“We’re tapping two hours every morning and laughing our butts off,” Maxwell says, adding that while there are many years of collective experience represented in the Kennedy Center rehearsal studio, few of them have been spent in tap shoes. “It’s a great leveler. And I’m very tired at this point in the process.”
That process is getting Maxwell — an actress whose face and range are increasingly recognizable to Broadway audiences, even if her name is not a marquee draw — up to speed as the chicest character in the landmark 1971 show, about a group of ex-showgirls gathering for a recrimination-filled reunion. Maxwell portrays Phyllis, the leggy beauty languishing in a sour marriage to a diplomat who was the first love of another former chorine, Bernadette Peters’s Sally.

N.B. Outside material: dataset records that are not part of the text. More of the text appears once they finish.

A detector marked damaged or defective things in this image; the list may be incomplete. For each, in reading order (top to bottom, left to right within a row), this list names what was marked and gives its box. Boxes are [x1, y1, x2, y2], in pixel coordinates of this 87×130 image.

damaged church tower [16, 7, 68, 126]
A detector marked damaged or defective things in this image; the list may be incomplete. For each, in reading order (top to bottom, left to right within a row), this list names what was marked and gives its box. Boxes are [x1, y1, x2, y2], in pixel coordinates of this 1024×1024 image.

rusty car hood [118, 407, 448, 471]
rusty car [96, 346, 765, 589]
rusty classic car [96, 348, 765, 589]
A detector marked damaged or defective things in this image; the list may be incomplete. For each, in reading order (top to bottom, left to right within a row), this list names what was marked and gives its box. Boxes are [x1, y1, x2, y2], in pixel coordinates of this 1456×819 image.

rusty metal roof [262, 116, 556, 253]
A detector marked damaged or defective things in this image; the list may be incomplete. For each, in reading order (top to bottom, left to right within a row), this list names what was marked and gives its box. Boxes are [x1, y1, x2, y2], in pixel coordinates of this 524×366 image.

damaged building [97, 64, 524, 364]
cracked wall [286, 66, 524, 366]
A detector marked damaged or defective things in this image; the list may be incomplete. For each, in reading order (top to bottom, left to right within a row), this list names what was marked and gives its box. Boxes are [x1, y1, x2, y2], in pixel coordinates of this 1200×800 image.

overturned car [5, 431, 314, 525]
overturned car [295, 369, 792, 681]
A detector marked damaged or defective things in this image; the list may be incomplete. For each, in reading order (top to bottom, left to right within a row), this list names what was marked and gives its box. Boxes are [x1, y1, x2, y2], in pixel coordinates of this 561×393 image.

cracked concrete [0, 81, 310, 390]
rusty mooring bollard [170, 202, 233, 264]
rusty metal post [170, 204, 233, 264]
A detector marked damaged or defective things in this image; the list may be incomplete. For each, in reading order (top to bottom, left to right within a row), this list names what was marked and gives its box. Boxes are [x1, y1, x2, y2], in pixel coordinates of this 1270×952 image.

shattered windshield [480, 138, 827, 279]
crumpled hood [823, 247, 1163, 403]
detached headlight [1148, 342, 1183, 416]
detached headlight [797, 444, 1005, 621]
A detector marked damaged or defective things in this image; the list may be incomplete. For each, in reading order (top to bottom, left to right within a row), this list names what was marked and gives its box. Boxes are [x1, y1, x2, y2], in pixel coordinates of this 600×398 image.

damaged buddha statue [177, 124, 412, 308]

The role of Phyllis was famously originated on Broadway by Alexis Smith — so famously that the performance landed her on the cover of Time. Maxwell can’t count on that level of attention these days: Broadway has shriveled as a facet of national culture since Smith’s magazine appearance 40 years ago today. Still, as inheritor of a cornerstone role in a high-visibility revival, the actress has the rare opportunity to put her stamp on a seminal singing character as conceived by Sondheim and the late author James Goldman.
Though she has opened her throat on Broadway in “City of Angels,” “The Sound of Music” and “Chitty Chitty Bang Bang” (the last of these earning her one of her four Tony nominations), Maxwell has never tackled a musical assignment as complexly rendered as Phyllis. (Her other Tony nods came for straight plays, and two of them last season, for “The Royal Family” and “Lend Me a Tenor.”) In fact, she nearly didn’t tackle “Follies.”
“They called me and said, ‘You’ve been offered “Follies,” ’ and I said, ‘That’s a good thing?’ ” she recalls, sitting in a makeshift Kennedy Center greenroom for the production’s 40-person cast. Maxwell had sung some of Sondheim’s music as a drama major in college in Moorhead, Minn., in the late 1970s, but she wasn’t intimately familiar with all of his shows. And now living in Manhattan with her husband, actor Robert Emmet Lunney, and their 15-year-old son, Will, this stage devotee is averse to acting out of town.
“They said, ‘Read it.’ So, I read it and thought it was great. You get a song like ‘Could I Leave You?’ ” she says, referring to Phyllis’s withering denunciation of her marriage: “Not to fetch your pills again / Every day at five / Not to give those dinners for 10 / Elderly men / From the U.N. / How could I survive?”
“I really love the idea of being in love with a person who doesn’t love himself,” she adds about the character of Ben, played by Ron Raines. “You have to think of the night as a first, as a catharsis. It’s about long-term relationships, about girls in the chorus in the 1940s, when one of the main things was to get a man.”